START Given entries

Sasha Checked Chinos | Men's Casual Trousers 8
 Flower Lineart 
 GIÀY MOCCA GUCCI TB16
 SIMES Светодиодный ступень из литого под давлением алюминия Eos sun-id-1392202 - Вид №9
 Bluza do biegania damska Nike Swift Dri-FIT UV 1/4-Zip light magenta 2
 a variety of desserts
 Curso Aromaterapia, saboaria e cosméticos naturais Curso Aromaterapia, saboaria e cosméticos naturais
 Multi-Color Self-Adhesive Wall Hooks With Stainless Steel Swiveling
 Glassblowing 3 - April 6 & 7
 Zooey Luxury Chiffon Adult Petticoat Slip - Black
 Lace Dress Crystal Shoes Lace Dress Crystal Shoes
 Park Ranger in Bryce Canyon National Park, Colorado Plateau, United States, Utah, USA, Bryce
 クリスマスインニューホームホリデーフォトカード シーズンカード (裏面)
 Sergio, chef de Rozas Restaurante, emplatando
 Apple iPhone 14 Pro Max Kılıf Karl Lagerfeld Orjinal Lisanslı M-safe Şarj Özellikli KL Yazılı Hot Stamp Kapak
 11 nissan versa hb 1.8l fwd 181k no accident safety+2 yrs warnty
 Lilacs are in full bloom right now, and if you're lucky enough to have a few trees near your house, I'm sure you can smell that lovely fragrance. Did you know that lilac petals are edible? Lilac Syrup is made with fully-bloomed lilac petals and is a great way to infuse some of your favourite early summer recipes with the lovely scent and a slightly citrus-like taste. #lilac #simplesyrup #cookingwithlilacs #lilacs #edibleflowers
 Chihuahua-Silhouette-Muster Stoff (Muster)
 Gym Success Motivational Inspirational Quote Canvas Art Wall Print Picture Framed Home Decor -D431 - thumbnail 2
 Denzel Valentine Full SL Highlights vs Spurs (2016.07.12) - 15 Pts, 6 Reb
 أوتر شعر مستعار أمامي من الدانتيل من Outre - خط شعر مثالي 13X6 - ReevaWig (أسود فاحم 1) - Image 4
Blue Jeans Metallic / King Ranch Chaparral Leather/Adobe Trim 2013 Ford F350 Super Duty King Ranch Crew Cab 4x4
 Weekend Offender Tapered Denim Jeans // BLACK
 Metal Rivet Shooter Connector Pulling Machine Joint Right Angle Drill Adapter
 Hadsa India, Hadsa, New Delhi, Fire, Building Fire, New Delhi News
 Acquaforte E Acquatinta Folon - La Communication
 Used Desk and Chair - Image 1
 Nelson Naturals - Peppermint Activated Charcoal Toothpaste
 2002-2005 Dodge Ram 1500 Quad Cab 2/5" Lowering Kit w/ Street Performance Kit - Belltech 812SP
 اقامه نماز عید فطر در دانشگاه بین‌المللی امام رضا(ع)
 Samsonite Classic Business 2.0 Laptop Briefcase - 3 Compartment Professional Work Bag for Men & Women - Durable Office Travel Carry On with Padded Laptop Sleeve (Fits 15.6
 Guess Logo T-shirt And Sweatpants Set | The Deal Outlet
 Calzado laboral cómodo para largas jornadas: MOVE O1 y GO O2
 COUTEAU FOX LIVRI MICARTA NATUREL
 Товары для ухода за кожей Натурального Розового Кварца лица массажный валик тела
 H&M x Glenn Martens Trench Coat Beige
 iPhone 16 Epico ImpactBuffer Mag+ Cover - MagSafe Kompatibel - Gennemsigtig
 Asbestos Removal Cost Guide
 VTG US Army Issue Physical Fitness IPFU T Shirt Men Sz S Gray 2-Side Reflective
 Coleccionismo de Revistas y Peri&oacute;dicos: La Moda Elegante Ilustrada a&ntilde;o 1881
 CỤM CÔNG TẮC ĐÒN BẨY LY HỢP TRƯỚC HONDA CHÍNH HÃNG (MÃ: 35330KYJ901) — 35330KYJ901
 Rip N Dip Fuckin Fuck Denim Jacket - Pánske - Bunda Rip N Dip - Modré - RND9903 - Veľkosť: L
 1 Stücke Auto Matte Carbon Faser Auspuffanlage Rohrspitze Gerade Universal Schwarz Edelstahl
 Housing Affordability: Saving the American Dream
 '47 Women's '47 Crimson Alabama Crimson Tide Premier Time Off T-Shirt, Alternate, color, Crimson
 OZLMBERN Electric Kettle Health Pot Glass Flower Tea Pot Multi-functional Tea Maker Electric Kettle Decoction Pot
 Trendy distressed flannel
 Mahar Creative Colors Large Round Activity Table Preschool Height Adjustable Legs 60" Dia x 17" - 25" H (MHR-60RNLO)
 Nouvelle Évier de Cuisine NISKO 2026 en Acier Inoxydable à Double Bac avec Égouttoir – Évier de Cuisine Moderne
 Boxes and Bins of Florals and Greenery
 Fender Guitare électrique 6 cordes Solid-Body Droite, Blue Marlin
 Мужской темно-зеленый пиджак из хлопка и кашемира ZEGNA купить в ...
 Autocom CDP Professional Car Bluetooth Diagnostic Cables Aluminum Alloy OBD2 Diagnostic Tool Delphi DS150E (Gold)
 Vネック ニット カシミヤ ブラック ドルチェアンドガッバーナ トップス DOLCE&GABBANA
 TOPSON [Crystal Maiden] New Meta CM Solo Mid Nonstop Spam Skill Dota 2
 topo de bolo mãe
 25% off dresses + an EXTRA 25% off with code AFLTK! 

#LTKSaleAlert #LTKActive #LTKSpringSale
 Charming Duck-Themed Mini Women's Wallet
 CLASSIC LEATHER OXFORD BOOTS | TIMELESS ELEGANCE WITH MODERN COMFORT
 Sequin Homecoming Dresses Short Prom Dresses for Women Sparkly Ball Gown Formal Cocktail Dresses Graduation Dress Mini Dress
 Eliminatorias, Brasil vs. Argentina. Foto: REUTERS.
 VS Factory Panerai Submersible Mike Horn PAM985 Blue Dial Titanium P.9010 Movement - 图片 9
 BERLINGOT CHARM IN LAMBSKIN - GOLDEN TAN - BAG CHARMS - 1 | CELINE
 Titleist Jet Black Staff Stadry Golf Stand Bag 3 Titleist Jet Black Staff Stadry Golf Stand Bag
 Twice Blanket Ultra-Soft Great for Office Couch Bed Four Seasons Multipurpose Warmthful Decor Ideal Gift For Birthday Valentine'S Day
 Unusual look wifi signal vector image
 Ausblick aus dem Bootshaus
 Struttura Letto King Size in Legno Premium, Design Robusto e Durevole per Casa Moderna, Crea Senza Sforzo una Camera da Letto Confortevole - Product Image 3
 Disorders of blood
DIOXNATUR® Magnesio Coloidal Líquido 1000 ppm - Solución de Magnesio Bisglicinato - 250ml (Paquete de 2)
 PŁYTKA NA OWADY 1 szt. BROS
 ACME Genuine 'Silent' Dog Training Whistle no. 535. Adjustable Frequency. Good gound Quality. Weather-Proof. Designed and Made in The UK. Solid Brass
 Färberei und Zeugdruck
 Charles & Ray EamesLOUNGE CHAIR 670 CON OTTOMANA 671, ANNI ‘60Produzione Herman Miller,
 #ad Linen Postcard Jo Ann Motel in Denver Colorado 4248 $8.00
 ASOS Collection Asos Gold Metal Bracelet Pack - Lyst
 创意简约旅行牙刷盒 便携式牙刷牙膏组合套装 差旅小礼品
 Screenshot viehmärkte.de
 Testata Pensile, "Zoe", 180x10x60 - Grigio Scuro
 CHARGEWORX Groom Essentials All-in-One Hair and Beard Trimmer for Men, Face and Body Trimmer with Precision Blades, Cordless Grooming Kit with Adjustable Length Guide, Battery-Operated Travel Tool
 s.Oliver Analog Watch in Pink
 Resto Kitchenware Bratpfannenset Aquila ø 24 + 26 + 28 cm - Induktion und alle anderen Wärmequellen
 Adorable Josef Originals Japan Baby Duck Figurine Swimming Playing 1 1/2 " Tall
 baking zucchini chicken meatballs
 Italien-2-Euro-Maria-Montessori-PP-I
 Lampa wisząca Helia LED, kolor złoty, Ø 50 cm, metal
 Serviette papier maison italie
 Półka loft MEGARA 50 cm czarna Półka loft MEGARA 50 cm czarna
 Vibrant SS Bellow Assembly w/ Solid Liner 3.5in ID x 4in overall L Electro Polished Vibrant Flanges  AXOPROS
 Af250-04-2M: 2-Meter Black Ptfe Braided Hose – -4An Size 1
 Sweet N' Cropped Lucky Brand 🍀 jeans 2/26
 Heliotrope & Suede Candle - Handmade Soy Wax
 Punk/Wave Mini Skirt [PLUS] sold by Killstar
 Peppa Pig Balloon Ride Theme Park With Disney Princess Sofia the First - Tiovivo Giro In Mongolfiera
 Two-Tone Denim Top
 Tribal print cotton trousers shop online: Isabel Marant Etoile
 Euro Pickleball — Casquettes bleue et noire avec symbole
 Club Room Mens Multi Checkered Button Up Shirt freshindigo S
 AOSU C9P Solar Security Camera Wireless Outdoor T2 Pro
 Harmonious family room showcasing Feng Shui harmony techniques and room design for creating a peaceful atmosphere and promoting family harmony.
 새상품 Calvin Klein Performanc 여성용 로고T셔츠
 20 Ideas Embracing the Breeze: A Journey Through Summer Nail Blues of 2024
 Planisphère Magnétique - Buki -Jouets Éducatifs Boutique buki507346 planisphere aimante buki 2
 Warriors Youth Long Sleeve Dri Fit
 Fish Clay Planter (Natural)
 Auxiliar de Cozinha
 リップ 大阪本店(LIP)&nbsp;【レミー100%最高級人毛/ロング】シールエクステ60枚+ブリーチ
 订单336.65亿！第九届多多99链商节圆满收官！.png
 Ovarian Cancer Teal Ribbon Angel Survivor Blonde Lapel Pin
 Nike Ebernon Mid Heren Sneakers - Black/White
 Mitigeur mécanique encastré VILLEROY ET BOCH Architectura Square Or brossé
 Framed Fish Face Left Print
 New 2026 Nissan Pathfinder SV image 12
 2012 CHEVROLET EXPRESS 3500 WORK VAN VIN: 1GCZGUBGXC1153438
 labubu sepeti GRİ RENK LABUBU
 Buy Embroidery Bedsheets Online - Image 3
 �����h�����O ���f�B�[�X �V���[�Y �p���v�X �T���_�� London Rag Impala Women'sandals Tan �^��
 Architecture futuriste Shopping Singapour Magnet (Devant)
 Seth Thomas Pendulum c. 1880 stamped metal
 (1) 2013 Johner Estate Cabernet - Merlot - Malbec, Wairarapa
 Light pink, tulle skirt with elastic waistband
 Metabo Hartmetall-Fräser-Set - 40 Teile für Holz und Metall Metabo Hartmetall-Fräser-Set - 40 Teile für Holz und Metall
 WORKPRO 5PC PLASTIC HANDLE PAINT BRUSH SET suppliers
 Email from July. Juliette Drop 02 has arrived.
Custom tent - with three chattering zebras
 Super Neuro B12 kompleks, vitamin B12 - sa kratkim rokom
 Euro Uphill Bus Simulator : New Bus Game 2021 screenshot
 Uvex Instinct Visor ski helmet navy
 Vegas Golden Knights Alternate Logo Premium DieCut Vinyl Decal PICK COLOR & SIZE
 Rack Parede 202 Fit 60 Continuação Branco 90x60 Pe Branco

END Given entries

From the entries above, collect every line with the string "Super" in it.

Blue Jeans Metallic / King Ranch Chaparral Leather/Adobe Trim 2013 Ford F350 Super Duty King Ranch Crew Cab 4x4
 Super Neuro B12 kompleks, vitamin B12 - sa kratkim rokom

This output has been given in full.